The cold studio soon begins to warm and Millie curls up beneath her blanket on the armchair.  Just before lunch, whilst cleaning my mixing knife, I inadvertently slice the tip of my little finger.  The mini trowel has rounded edges, but its blade is so thin that it makes a quick, deep cut.  Being a fingertip, it bleeds persistently, so I wrap a cloth around it, binding it tightly, and grip the cloth.  I am keen to finish applying the paint with which I am currently working.  There are areas of the painting that I want to continue working on while the ideas are flowing and the colours are mixed.
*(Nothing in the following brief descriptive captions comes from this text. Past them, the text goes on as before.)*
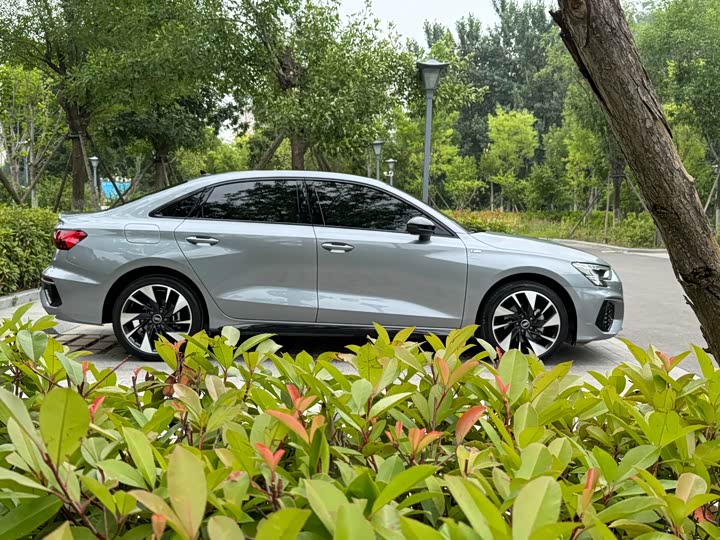 Audi A3, 2022 — фото 5 из 9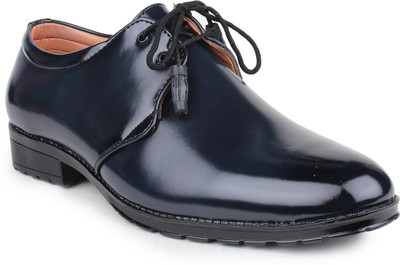 

Jynx Marco Lace Up For Men(Navy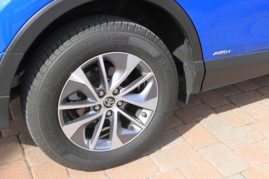 2016 Toyota RAV4 AWD SUV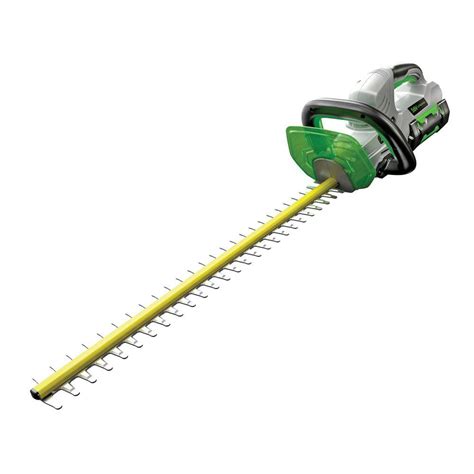 For three years from the date of original retail purchase, the ego power+ system battery pack and charger are warranted against defects in material or workmanship. EGO 24 in. 56-Volt Lithium-ion Cordless Hedge Trimmer with ...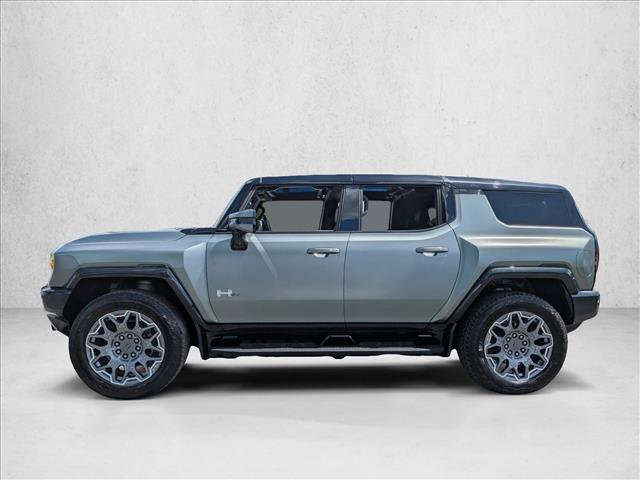 Used 2024 GMC Hummer EV 3X AWD/4WD image 9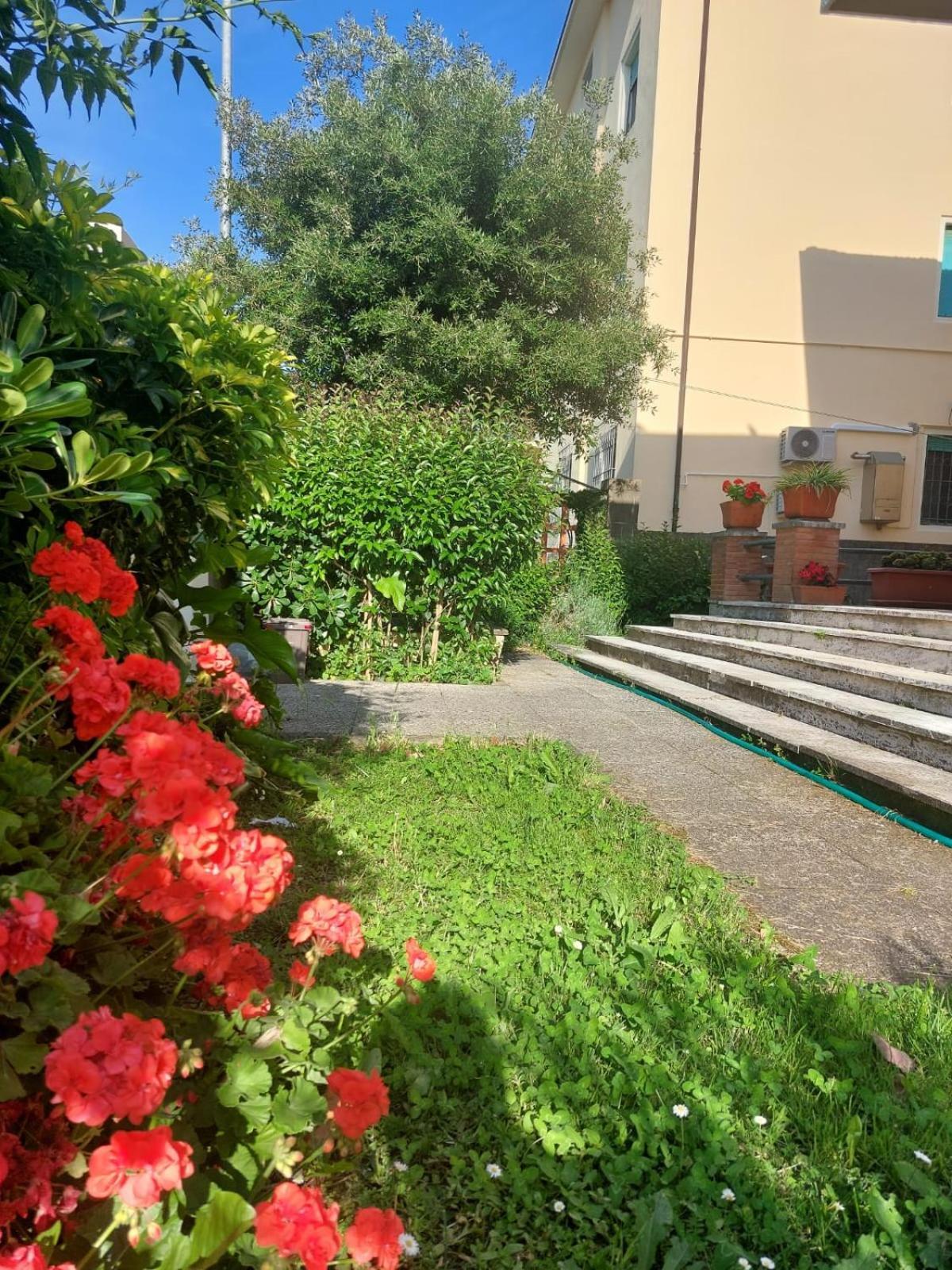 Villa Mehari Pisa Luaran gambar
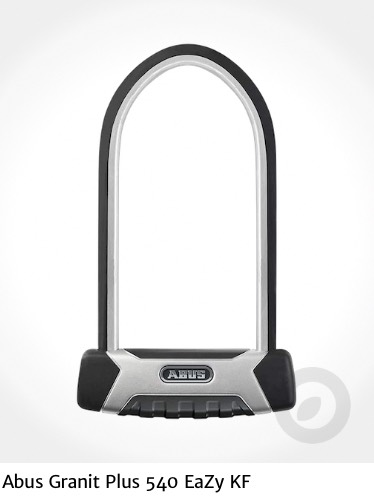 Abus Granit Plus 540 EaZy KF_urbancycling_it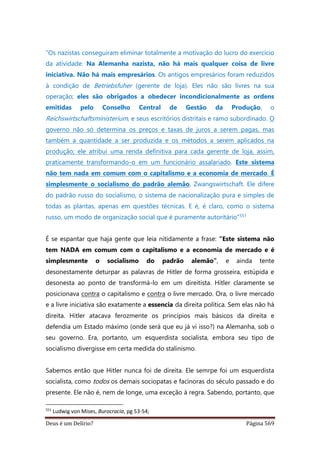 Deus é um delírio?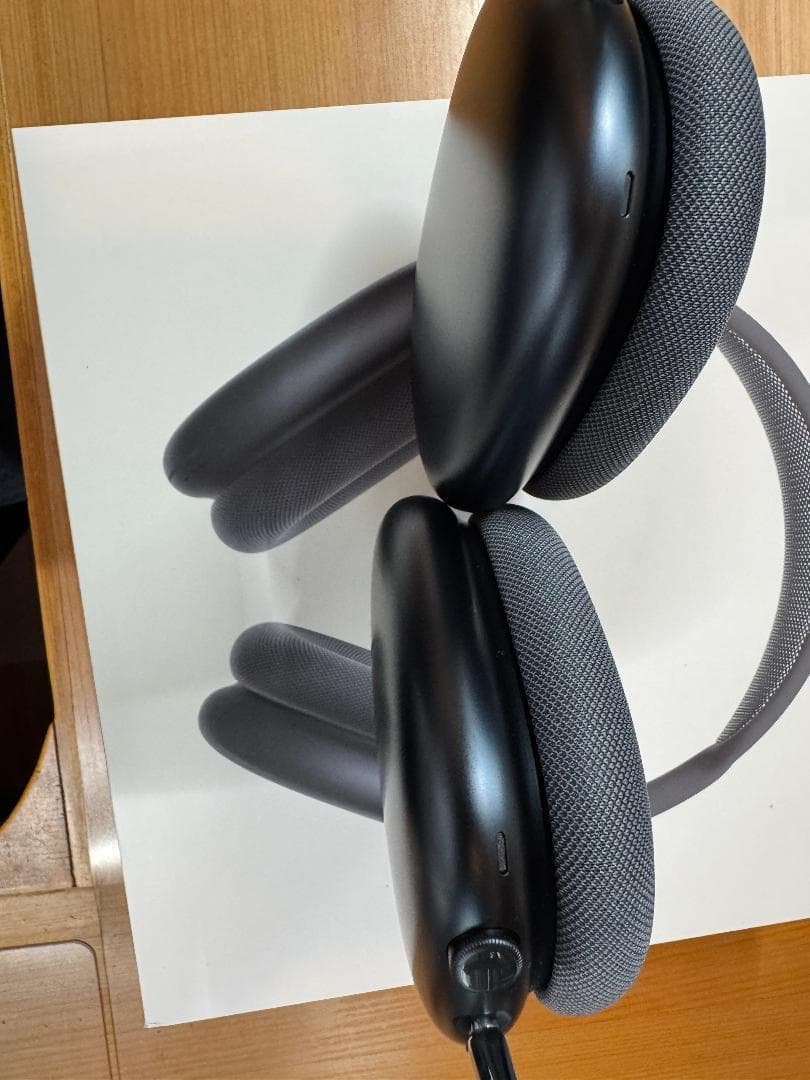 【保証あり・極美品】AirPods Max ミッドナイト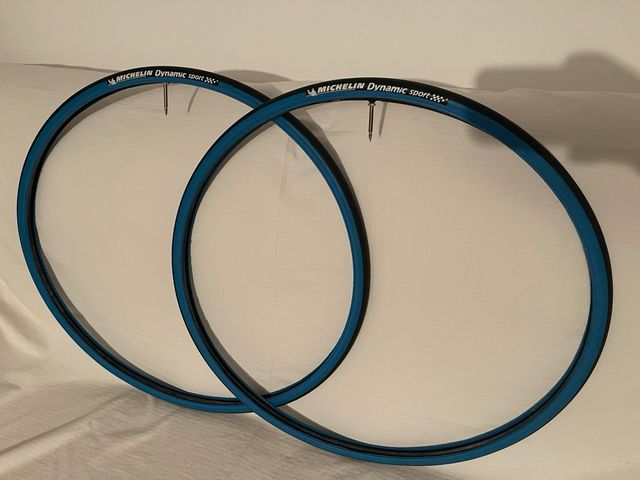 Cubiertas Michelin Dynamic Sport 700x23c chaoyang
I hate being disturbed when I am part way through a process.  It can be difficult to pick up exactly where you left off.  Next time I come to the painting I will be different; a bit like waking briefly from a dream - when I fall asleep again, it will be a different dream.

All text & images ©2018 Carol Saunderson

Wednesday, 7 February 2018

Abstract Landscape Painter.  Rural Dweller.  Lover of Modernist Art and Design.

7 February

At 6am this morning, the kitchen lights are reflecting off a thin covering of snow that lies beyond the glass doors.  The occasional flake flutters slowly down.  It continues intermittently throughout the early morning but, by the time I walk Millie, it has created no more than an icing-sugar dusting of the ploughed work.

The fieldfares are busy scouring their usual piece of land.  They are the mid-tone between the black crows and white gulls that work alongside them.

During the afternoon, in the field adjacent to the village hall, two male pheasants are squaring up to do battle.  They are not easily scared away by us, and seem almost to resent the intrusion - grudgingly moving off as we pass nearby.

I complete a small painting - another more abstract and experimental piece than of late.  I enjoy the saturated blocks of colour for their own sake.

All text & images ©2018 Carol Saunderson

Monday, 5 February 2018

Abstract Landscape Painter.  Rural Dweller.  Lover of Modernist Art and Design.

5 February

Millie runs in from the garden, her coat peppered with snowflakes.  A couple of small showers pass over us before noon.

On the airfield, we see a hare.  It pauses, then runs ahead of us across the green baize of a young crop.  We watch as it travels along the field margin, until it disappears through the hedgerow.  The puddles are thick with ice and my fingertips are beginning to numb inside my gloves.  I need a new pair.

I resort to wearing a woolly hat in the studio - very fetching - and use the time to experiment.  Two large parcels of work lie ready for the courier to collect tomorrow.  Although there is more commission and exhibition work to commence, it is an opportune moment to allow myself the luxury of a few days of working without constraints.  Development sometimes comes through these times of “play”.  If one can shake off the rules of “ought”and “should” and let the subconscious roam free, then new themes / marks / colour combinations, etc., can arise and be carried forward into paintings created for display.

All text & images ©2018 Carol Saunderson

Friday, 2 February 2018

Abstract Landscape Painter.  Rural Dweller.  Lover of Modernist Art and Design.

2 February

It’s a raw day.  The wind from the northwest chills the skin.  I begin working on a commission, and make some progress despite low energy levels resulting from the continuing Shingles.

At 4pm, we walk towards the church.  The setting sun lends a golden tinge to the landscape.  A large flock of fieldfares is feeding on the organic farmland which borders the lane.  They take off and fly over our heads, with their “chat-chat-chat” call.  We stand and watch them as they disappear into the distance.  There must be around 100.  The largest number that I have seen thus far.

All text & images ©2018 Carol Saunderson

Thursday, 1 February 2018

Abstract Landscape Painter.  Rural Dweller.  Lover of Modernist Art and Design.

1 February

The supermoon sets in a pale sky, a ghost of its former self, dissolving into the morning light. I take the camera outside into the garden to catch its last few seconds above the wood. The “blood” effect may not have been visible here, but the increased size and brightness make it magnificent.

The day changes and becomes wet and cold.  I work methodically through the preparation of boxes, and pack paintings to be sent to an exhibition.